Reid filed an action under 42 U.S.C. § 1983 against both Officer Slaton and Henry County, Georgia (“the County”) seeking to recover damages for unlawful arrest by a law enforcement officer for violation of the Fourth and Fourteenth Amendment rights to be free of improper seizure and for violation of his First Amendment right to free speech. He also asserted state law claims against Officer Slaton for negligence, false arrest, false imprisonment, and malicious prosecution. Thereafter, Officer Slaton and the County filed a motion for summary judgment. Reid filed a cross-motion for partial summary judgment. The district court granted Officer Slaton and the County’s motion for summary judgment with respect to Reid’s section 1983 claims, declined to maintain supplemental jurisdiction over the state law claims, and dismissed the action.

II.

We review de novo the district court’s grant of summary judgment, applying the same legal standards as the district court. McCormick v. City of Fort Lauderdale, 333 F.3d 1234, 1242-43 (11th Cir.2003). Summary judgment is appropriate if the evidence establishes “no genuine dispute as to any material fact and the movant is entitled to judgment as a. matter of law.” Fed.R.Civ.P. 56(a). The evidence, and all reasonable inferences, must be viewed in the light most favorable to Appellant Reid as the non-moving party. McCormick, 333 F.3d at 1243. However, when there is highly probative evidence, the court need not adopt a plaintiff’s version of the facts that are contradicted by that evidence. Scott v. Harris, 550 U.S. 372, 380, 127 S.Ct. 1769, 1776, 167 L.Ed.2d 686 (2007).

III.

The first issue we address is whether Officer Slaton had a reasonable, articulable suspicion to make an investigatory traffic stop. Reid contends that Officer Slaton did not have a reasonable, articulable suspicion to justify the traffic stop because he did not violate any traffic laws—that he turned left from a left-turn-only lane and that under Georgia law, drivers are not required to use a left turn *748 signal under these circumstances.

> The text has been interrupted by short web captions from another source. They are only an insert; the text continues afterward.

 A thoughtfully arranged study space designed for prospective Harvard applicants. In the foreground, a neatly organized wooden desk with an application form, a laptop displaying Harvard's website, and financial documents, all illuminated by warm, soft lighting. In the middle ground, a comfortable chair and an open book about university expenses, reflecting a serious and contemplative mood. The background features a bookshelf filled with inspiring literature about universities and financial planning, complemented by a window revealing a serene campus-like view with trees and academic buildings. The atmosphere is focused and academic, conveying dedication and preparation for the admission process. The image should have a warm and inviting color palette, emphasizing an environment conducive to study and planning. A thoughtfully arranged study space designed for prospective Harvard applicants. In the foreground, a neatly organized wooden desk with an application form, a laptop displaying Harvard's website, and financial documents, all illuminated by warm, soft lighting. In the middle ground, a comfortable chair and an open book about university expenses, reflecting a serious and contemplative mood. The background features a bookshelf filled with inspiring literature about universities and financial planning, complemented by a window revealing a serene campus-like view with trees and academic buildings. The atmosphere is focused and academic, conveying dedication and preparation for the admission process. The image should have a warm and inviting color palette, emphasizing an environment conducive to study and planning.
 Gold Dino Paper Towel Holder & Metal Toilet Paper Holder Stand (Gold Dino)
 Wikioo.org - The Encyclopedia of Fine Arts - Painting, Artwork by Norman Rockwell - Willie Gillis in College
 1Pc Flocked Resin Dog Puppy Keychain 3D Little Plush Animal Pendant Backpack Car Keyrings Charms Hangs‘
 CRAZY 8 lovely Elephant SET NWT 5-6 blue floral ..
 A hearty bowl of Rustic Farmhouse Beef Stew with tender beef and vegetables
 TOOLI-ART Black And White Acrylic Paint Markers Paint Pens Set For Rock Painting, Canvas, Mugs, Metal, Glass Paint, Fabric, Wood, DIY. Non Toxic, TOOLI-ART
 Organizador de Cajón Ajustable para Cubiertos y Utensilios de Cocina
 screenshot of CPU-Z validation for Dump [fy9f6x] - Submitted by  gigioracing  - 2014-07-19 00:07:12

It is axiomatic that “an officer may, consistent with the Fourth Amendment, conduct a brief investigatory stop when the officer has a reasonable, articulable suspicion that criminal activity is afoot.” Illinois v. Wardlow, 528 U.S. 119, 124, 120 S.Ct. 673, 676, 145 L.Ed.2d 570 (2000). In determining whether a stop is reasonable, courts look at the totality of the circumstances known to the officer at the time of the stop. U.S. v. Lewis, 674 F.3d 1298, 1305 (11th Cir.2012).

We agree with the district court that Officer Slaton had a reasonable, articulable suspicion to make an investigatory stop. Officer Slaton’s dash-mounted car video camera showed Reid changing lanes twice without employing his turn signal—the first time was when Reid changed lanes to get into the left-turn-only lane, the second time was when Reid made a left turn from the left-turn-only lane. These lane changes occurred at approximately 1 a.m. in darkness. The left turn occurred across oncoming traffic. Under the totality of the circumstances, it is clear that Officer Sla-ton had a reasonable, articulable suspicion to make an investigatory stop. See, e.g., Cuaresma v. State, 292 Ga.App. 43, 663 S.E.2d 396, 399 (2008) (driver of truck made an illegal lane change by failing to signal in violation of O.C.G.A. § 40-6-123(b)).

IV.

Next, we determine whether there was arguable probable cause to arrest Reid. Reid argues that there was no arguable probable cause to arrest him for obstruction of justice, any traffic violation, or any other offense. Probable cause to arrest exists when law enforcement officers have facts and circumstances within then-knowledge which are sufficient to warrant a reasonable belief that a suspect committed or was committing a crime. Case v. Eslinger, 555 F.3d 1317, 1327 (11th Cir.2009). A warrantless arrest without probable cause violates the Fourth Amendment. Ortega v. Christian, 85 F.3d 1521, 1525 (11th Cir.1996).